» **AIM OF THE TASK**
Copy all records exactly; omit pictures.

** MATERIAL PROVIDED follows **

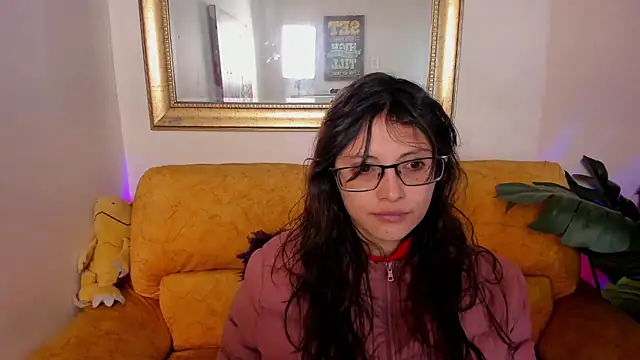 Kyomi chang online show from 04-13-26, 11:59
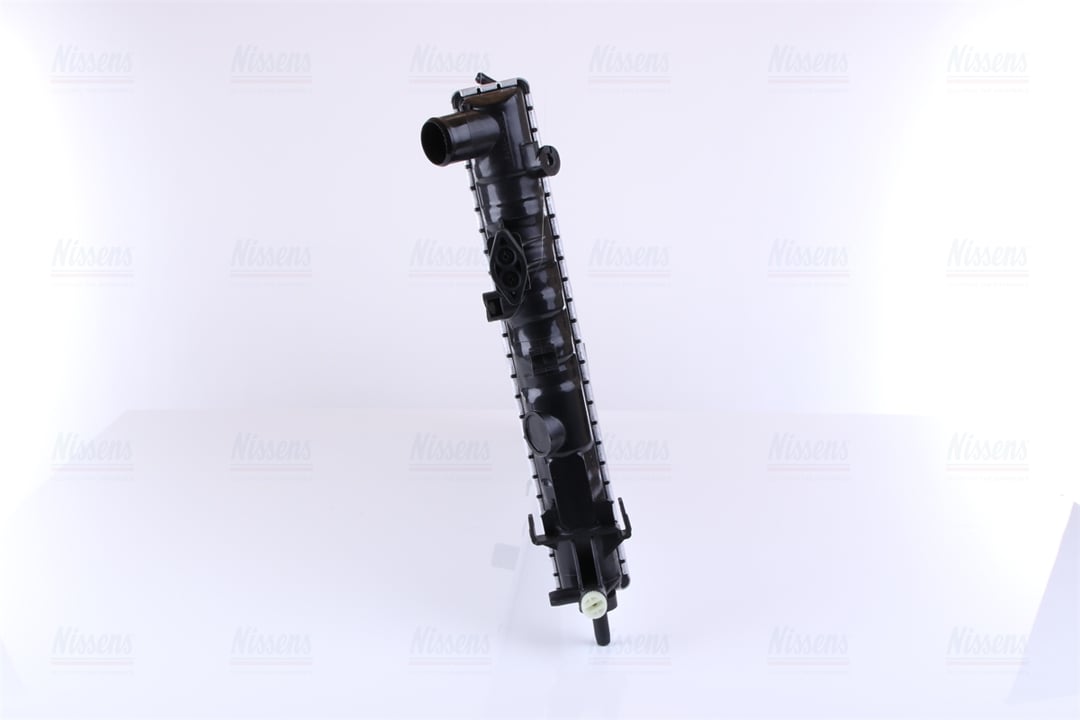 Engine cooling radiator Nissens 63006A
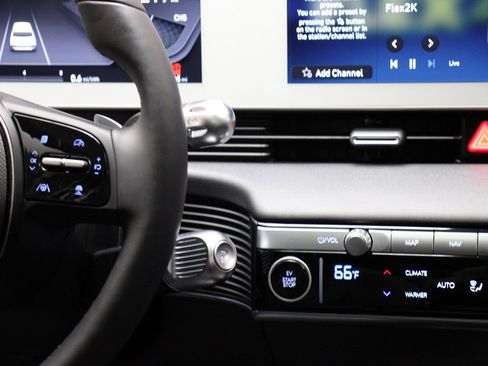 Used 2023 Hyundai Ioniq 5 Limited image 45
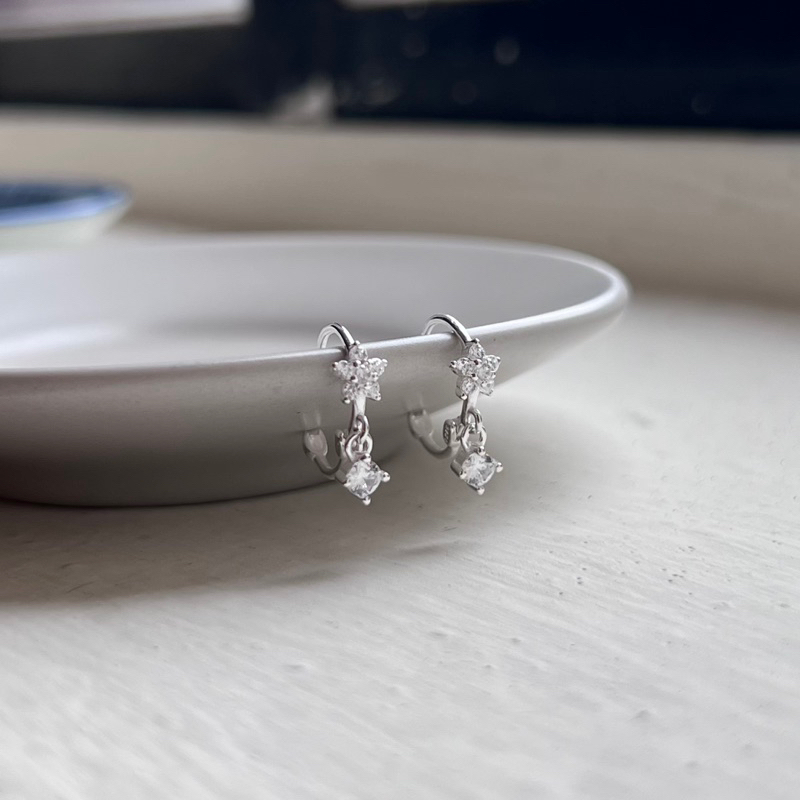 【Moonsee】純銀易扣-星星垂吊圓鑽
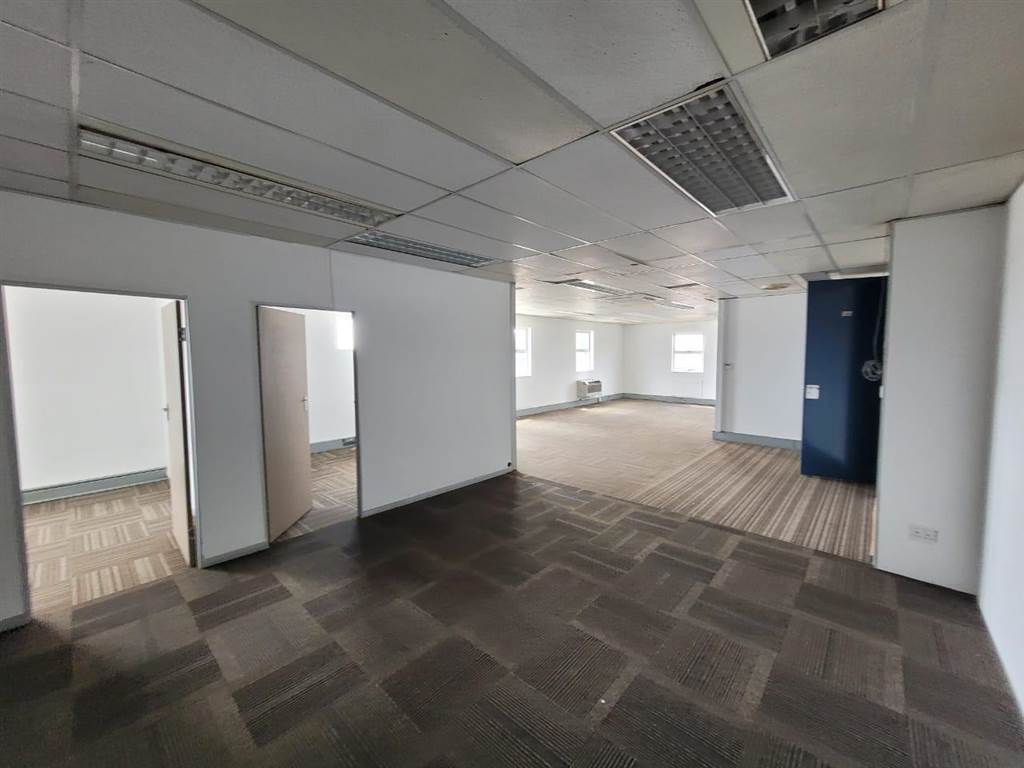 182  m² Commercial space in Kempton Park Central photo number 11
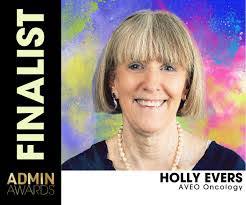 Holly Evers's Instagram, Twitter & Facebook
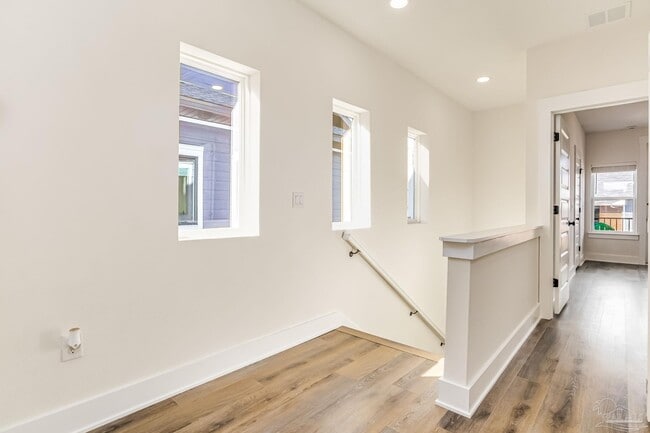 Building Photo - 520 N De Villiers St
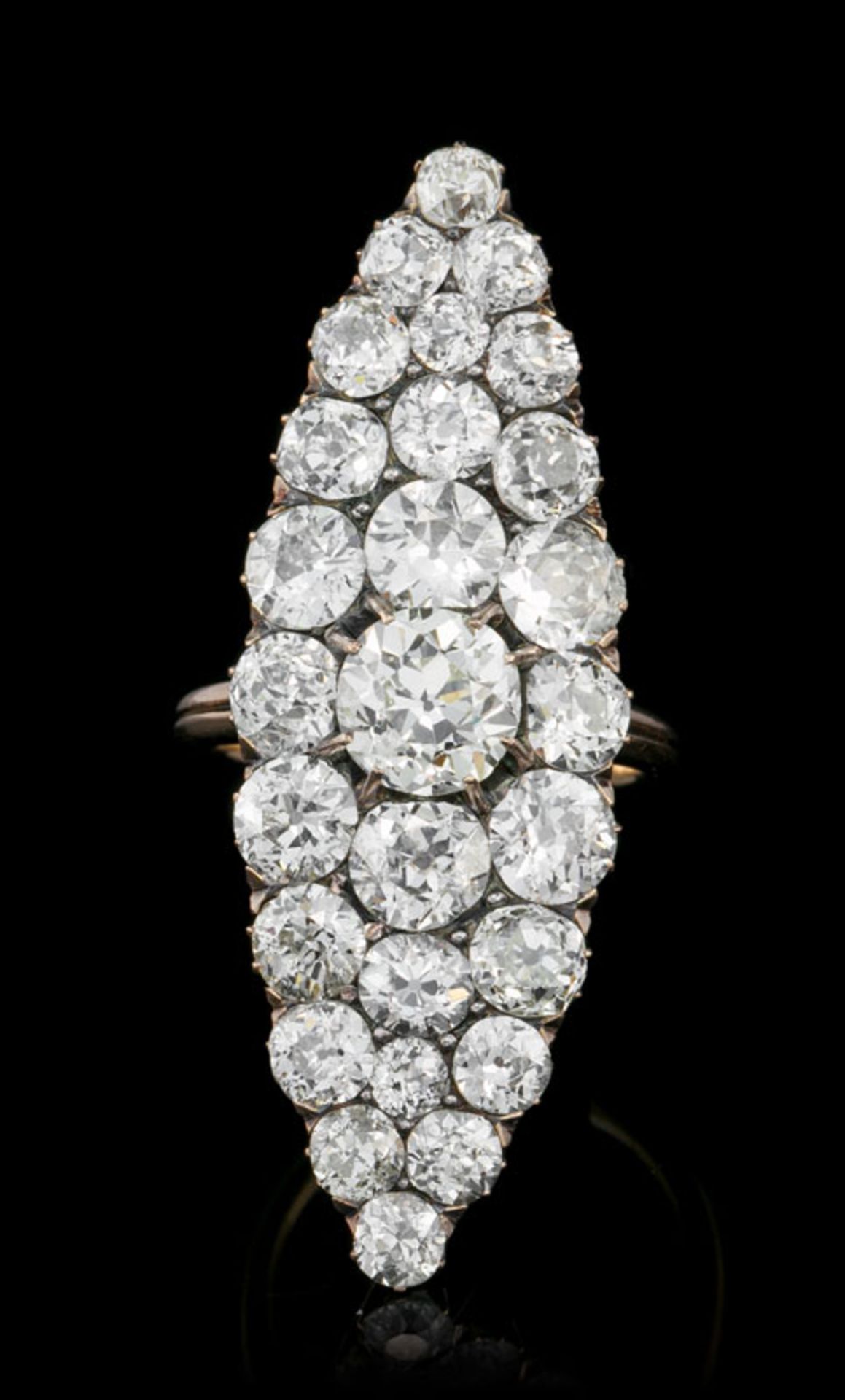 Bague marquise fin XIXe s., or et argent pavée de diamants taille old european cut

** End of MATERIAL PROVIDED **

» **RESPONSE TO THE TASK**
 Kyomi chang online show from 04-13-26, 11:59
 Engine cooling radiator Nissens 63006A
 Used 2023 Hyundai Ioniq 5 Limited image 45
 【Moonsee】純銀易扣-星星垂吊圓鑽
 182  m² Commercial space in Kempton Park Central photo number 11
 Holly Evers's Instagram, Twitter & Facebook
 Building Photo - 520 N De Villiers St
 Bague marquise fin XIXe s., or et argent pavée de diamants taille old european cut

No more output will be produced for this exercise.